Students and teachers, including Aegerter, weren’t privy to everything. Noe had never really filled him in on the details of what had transpired in September; he simply knew there had been some tension over stories and tension over the lawsuit at Lakeside. Steves, despite having been taught by Chance Sims, was left in the dark about what was happening — a challenge exacerbated by the ongoing lawsuit. It was even a surprise to her when Brockenbrough left.
Nevertheless, both Aegerter and Steves agreed years later that they didn’t face any direct censorship by the administration. There had been some close moments: in previous years there was an issue with senior quotes in the yearbook and during Aegerter’s time, the administration became concerned after one of the students did an investigative piece testing the water around campus during nationwide scandals of lead in water. Even if there was, Aegerter made sure they were prepared. He gave advice on proper journalistic conventions, took them to the Seattle Post Intelligencer newsroom where he was simultaneously acting as editor, and empowered students to practice real journalism, according to Steves.
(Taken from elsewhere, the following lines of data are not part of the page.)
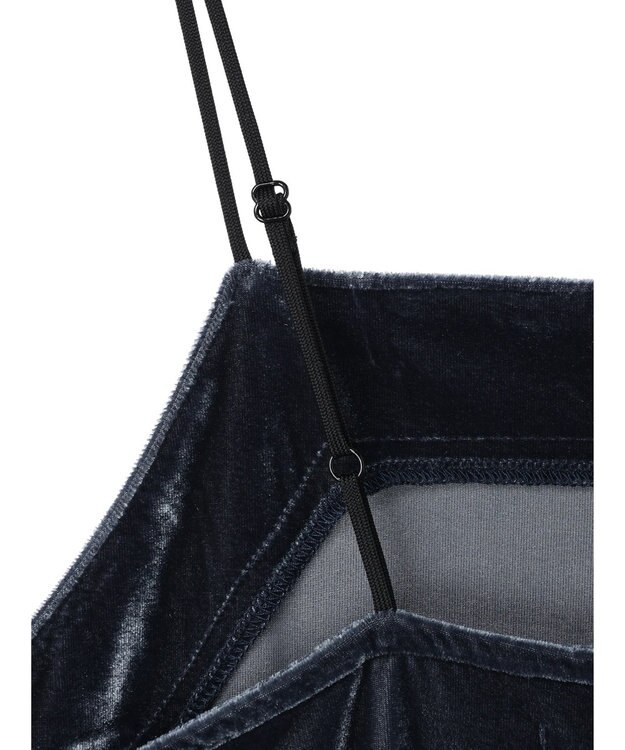 Green Parks armonia．ベロアキャミワンピース Blue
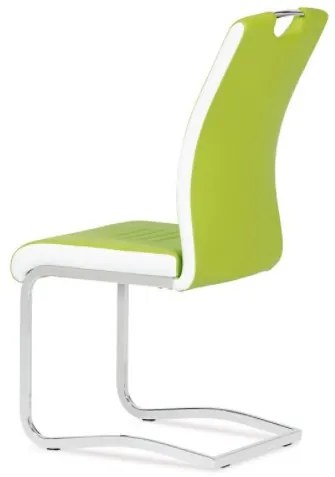 Modern Szánkótalpas Étkezőszék Lime-Zöld Színben Dcl-406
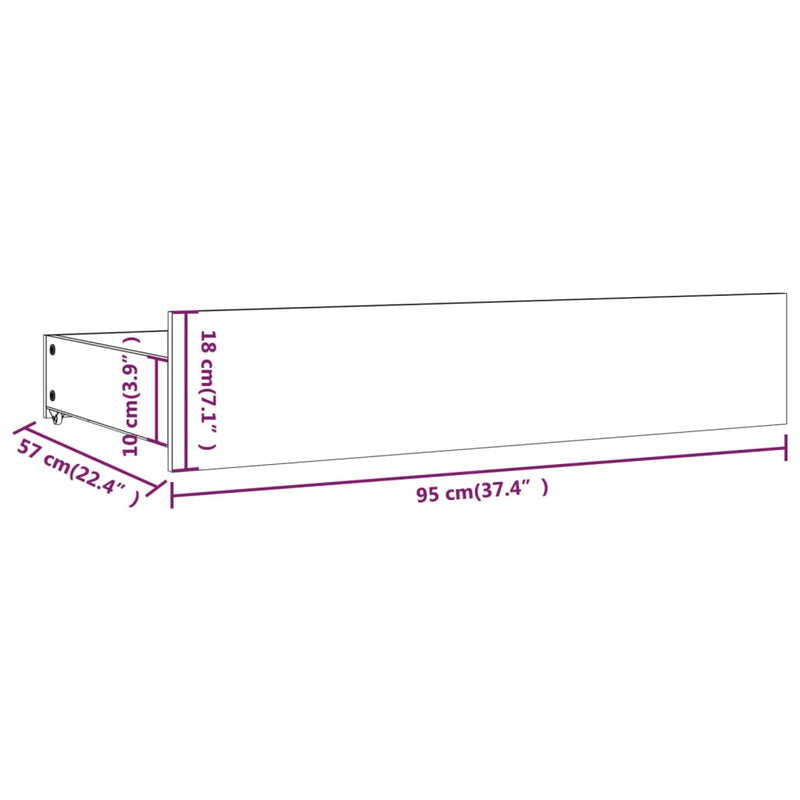 Bed Drawers 4 pcs Solid Wood Pine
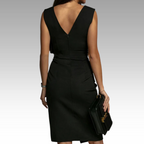 Regalia™ – Elegantes V-Ausschnitt Kleid mit tailliertem Schnitt und Schlitz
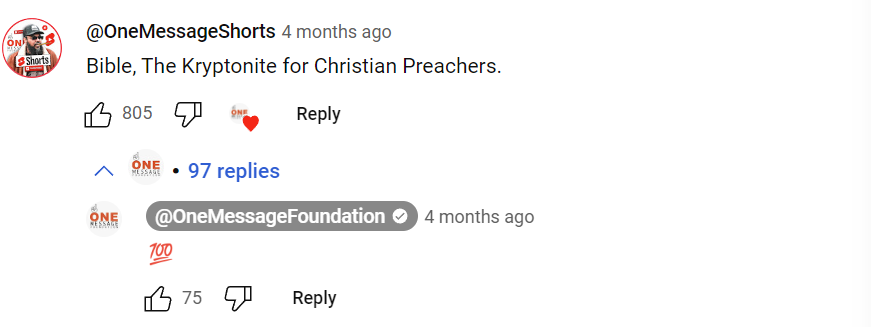 Uthman Ibn Farooq Comment vs Christian Street Preacher
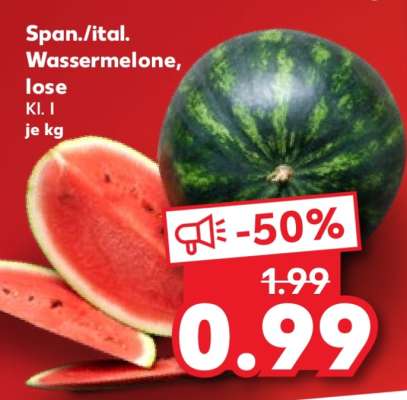 Span./ital. Wassermelone, lose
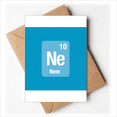 thumbnail image 1 of Ne Neon Checal Element Science Greeting Cards You are Invited Invitations, 1 of 4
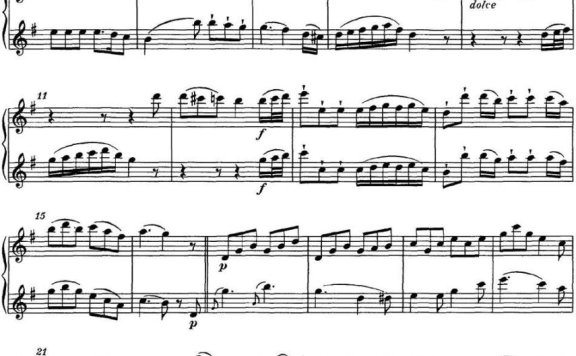 迪埃特长笛二重奏G大调回旋曲(Rondo in G Major ) - 乐谱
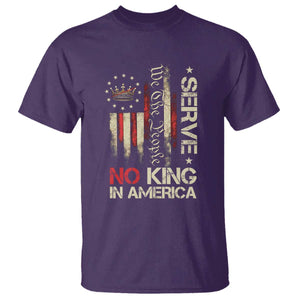 Funny We The People Serve No King In American T Shirt Vintage Betsy Ross Flag TS11 Purple Print Your Wear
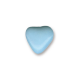 Mini coeurs au chocolat LAVANDE (bleu ciel) - 500g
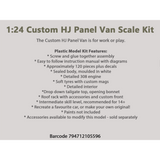Holden HJ Sandman Panel Van Max's Custom Plastic Model Car Kit 1:24 Scale Collectible - Diecast Models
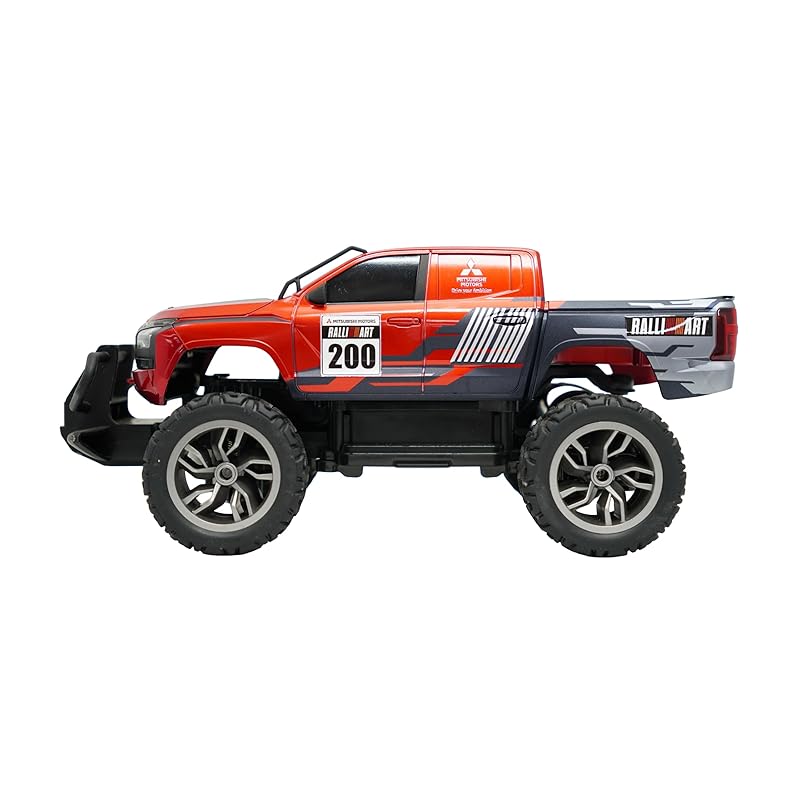 Happinet 1/20 Scale R/C Mitsubishi Triton Rally Car for Ages 6 and Up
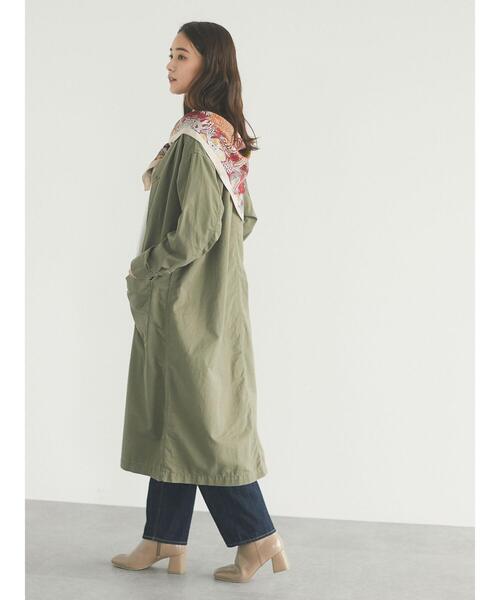 CRAFT STANDARD BOUTIQUE（クラフトスタンダードブティック）の「カラーフォレストスカーフ　＊（バンダナ/スカーフ・レディース・ネイビー/ピンク・FREE）」の7枚目の写真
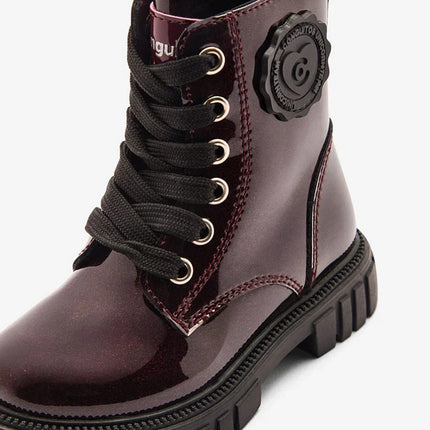Conguitos Veterboots Meisjes Burgundy Lak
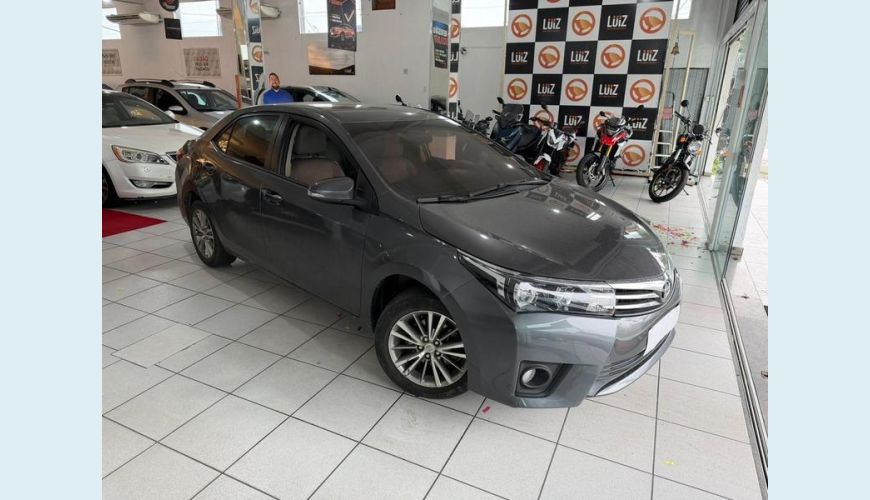 TOYOTA COROLLA XEI 2.0 FLEX MANUAL 4P - CINZA - 2015 Foto 2 (Grande)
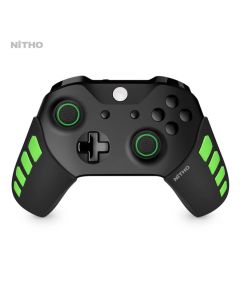 Nitho XBOX Gaming Kit Set Of Enhancers For Xbox Series X Controllers in Black and Green sold by Technomobi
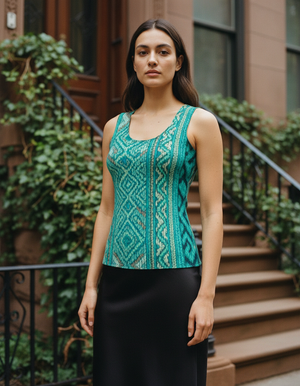 Women's Turquoise Vibrance tank tops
In fact, she was so inspired that she gave Aegerter a note at the end of the year saying she was going to major in journalism. Aegerter, who had majored in photojournalism at the University of Alaska-Fairbanks, freaked out and told her not to make the same mistake he did.
Almost two decades later, Steves laughs at the memory. “I guess he was right — I majored in Poli-Sci.”
Aegerter left at the end of that spring. As the long school year came to a close, it was time for someone else. What Lakeside needed was, in Aegerter’s mind, someone who hadn’t come to the position under the shadow he’d inherited. It would be a new start, a new year, and a new group of kids. At least for now, it seemed like the period of Lakeside censorship would be coming to a close.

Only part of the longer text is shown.